At the 2017 SPE/AAPG/SEG Unconventional Resources Technology Conference (URTeC), Vello Kuuskraa discussed the alternative pathways companies may take to discover unconventional resources while maximizing existing plays in the near future. Kuuskraa is president of Advanced Resources International.

Kuuskraa’s presentation focused on three such pathways. He defined the first, “Looking in Your Own Backyard,” as the search for additional productive horizons in existing basins, either above or below already developed target formations. An example of such a strategy is the Meramec formation, located approximately 1,000 ft above the Cana-Woodford Shale in the northern portion of the Anadarko Basin.

In 2008, a small group of operators began exploring the formation, completing 22 horizontal wells over a 4-year period while also drilling deeper for the Woodford Shale. The Meramec has now emerged as an attractive shale play for operators. The play has doubled in size, from approximately 1,300 mi2 to more than 3,000 mi2, with hydrocarbon windows ranging from deep dry gas in the western part of the play to shallower volatile oil in the east.
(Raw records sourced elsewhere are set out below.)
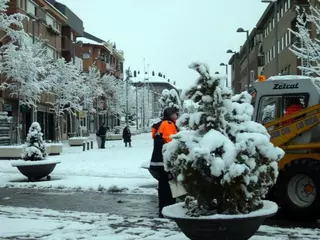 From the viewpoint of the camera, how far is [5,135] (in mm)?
30969

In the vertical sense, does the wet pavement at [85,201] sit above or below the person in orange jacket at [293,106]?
below

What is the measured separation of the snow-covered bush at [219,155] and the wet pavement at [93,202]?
12.1 feet

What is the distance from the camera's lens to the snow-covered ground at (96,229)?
822 cm

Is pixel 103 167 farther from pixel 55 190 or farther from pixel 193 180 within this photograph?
pixel 193 180

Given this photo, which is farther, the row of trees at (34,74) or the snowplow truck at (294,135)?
the row of trees at (34,74)

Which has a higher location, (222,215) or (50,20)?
(50,20)

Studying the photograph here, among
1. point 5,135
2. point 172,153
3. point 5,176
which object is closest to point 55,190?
point 5,176

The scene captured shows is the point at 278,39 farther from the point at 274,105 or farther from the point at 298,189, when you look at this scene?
the point at 298,189

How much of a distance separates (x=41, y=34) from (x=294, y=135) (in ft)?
148

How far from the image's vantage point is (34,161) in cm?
1659

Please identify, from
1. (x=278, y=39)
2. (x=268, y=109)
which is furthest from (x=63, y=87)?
(x=268, y=109)

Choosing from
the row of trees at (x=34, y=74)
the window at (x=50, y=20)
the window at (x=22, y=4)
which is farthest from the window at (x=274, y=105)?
the window at (x=50, y=20)

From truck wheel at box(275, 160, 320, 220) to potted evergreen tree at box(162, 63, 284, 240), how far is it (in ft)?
12.5

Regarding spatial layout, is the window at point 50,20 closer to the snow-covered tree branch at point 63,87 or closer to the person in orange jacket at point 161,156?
Result: the snow-covered tree branch at point 63,87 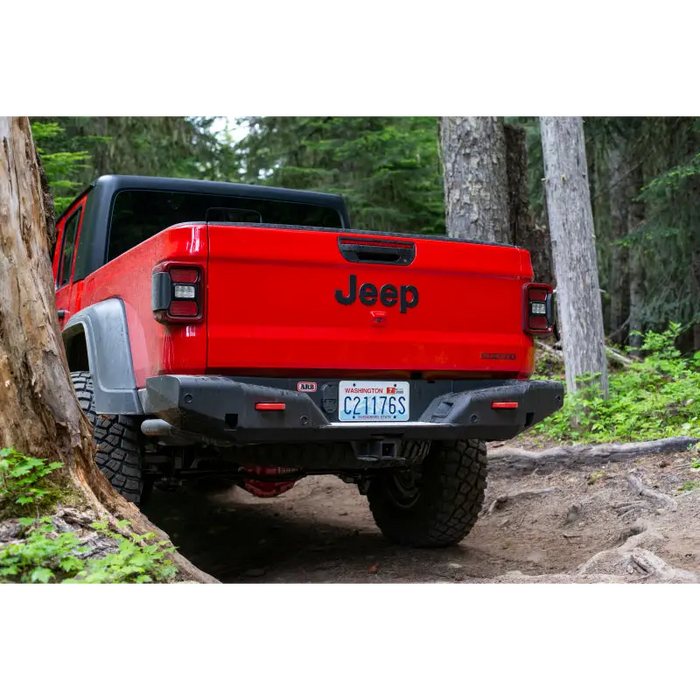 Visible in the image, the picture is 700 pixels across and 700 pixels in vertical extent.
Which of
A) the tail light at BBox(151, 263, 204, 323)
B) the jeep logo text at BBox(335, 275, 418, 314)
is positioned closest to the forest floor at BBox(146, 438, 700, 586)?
the jeep logo text at BBox(335, 275, 418, 314)

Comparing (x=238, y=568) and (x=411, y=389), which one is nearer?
(x=411, y=389)

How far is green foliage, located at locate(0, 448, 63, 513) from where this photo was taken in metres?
3.45

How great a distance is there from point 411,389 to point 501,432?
1.85ft

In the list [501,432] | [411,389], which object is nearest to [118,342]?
[411,389]

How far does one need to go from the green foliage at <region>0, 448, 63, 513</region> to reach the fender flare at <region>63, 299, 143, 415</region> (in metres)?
0.81

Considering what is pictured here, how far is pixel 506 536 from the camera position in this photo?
6094 mm

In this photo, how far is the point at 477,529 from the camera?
639 cm

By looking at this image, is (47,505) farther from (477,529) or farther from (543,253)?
(543,253)


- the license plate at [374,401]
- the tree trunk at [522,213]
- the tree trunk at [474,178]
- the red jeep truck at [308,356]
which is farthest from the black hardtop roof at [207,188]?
the tree trunk at [522,213]

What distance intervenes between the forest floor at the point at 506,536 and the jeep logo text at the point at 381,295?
4.90 ft

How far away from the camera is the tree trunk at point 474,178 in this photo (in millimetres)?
9602

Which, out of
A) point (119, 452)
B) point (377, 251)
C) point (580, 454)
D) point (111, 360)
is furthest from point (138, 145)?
point (377, 251)

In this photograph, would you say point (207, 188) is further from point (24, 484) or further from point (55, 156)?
point (55, 156)

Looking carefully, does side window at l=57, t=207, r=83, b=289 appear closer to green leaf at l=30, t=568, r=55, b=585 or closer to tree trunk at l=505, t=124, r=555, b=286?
green leaf at l=30, t=568, r=55, b=585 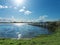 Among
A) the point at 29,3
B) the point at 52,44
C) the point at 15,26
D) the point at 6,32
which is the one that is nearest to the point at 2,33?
the point at 6,32

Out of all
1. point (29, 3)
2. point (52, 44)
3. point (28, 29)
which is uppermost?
point (29, 3)

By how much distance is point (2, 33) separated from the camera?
6762mm

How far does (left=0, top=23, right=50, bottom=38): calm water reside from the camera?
6.72m

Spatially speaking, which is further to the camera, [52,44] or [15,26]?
[15,26]

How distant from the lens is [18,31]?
6.74m

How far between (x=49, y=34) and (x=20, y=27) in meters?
1.40

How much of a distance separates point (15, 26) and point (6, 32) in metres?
0.50

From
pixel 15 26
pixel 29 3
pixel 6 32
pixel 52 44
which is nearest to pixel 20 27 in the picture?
pixel 15 26

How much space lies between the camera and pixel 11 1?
6566mm

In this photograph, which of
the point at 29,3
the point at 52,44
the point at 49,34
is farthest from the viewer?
the point at 49,34

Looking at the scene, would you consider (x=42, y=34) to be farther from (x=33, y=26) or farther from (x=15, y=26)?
(x=15, y=26)

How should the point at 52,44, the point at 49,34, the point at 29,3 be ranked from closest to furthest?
the point at 52,44 → the point at 29,3 → the point at 49,34

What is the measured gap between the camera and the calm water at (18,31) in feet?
22.0

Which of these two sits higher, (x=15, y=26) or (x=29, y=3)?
(x=29, y=3) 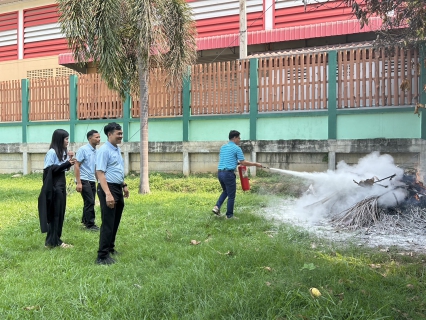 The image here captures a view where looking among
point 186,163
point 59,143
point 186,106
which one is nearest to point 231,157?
point 59,143

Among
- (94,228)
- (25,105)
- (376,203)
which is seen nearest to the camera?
(376,203)

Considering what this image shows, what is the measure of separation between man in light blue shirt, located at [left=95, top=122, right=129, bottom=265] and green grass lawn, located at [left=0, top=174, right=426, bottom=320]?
0.79 ft

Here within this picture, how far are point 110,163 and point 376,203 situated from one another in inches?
169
Kuuskraa said that the economics of the area have benefited from the infrastructure already in place from previous operator activity, as well as the geological knowledge gained from assessing the uphole portion of logs drilled for in the Woodford.

“This is a very recent phenomenon,” Kuuskraa said of the Meramec. “Here in 2013, it was viewed as an area with some gas, some condensate, and some oil in a limited type of area. In a matter of 3 to 4 years, this area has become much more complex. It’s beginning to really push the envelope of the oil window, a lower maturity oil window that is recoverable.”

The second pathway, “Turning from Vertical to Horizontal,” involves a change in well design for plays that have already been heavily drilled. Kuuskraa said that verticals have been the well design of choice for decades when developing tight gas sands, particularly in East Texas, West Texas, northern Louisiana, and the Rocky Mountains. The logic behind this strategy was that, given the extensive thickness and layered nature of formations in these regions, only a vertical well would be able to contact enough net pay to make the well economically viable. In recent years, some operators have pursued progressively closer well spacings to promote additional gas recovery in the midst of steadily declining well productivities and reserves.

One such play, the Spraberry tight oil formation in the Midland Basin portion of the greater Permian Basin, saw a drop in the rate of production decline after operators installed horizontal wells in the western core area of the play.

In the prolonged oil price downturn, Kuuskraa said the third pathway, pushing the technology envelope, is critical to maintaining economically viable unconventional development. This could involve the use of longer horizontal laterals, more intensive well completions, increased drilling efficiencies, and lower operating costs. Kuuskraa said advances in technology can lead to lower unit costs and improve resource recovery efficiency, significantly expanding the technically recoverable shale and tight sand resource base.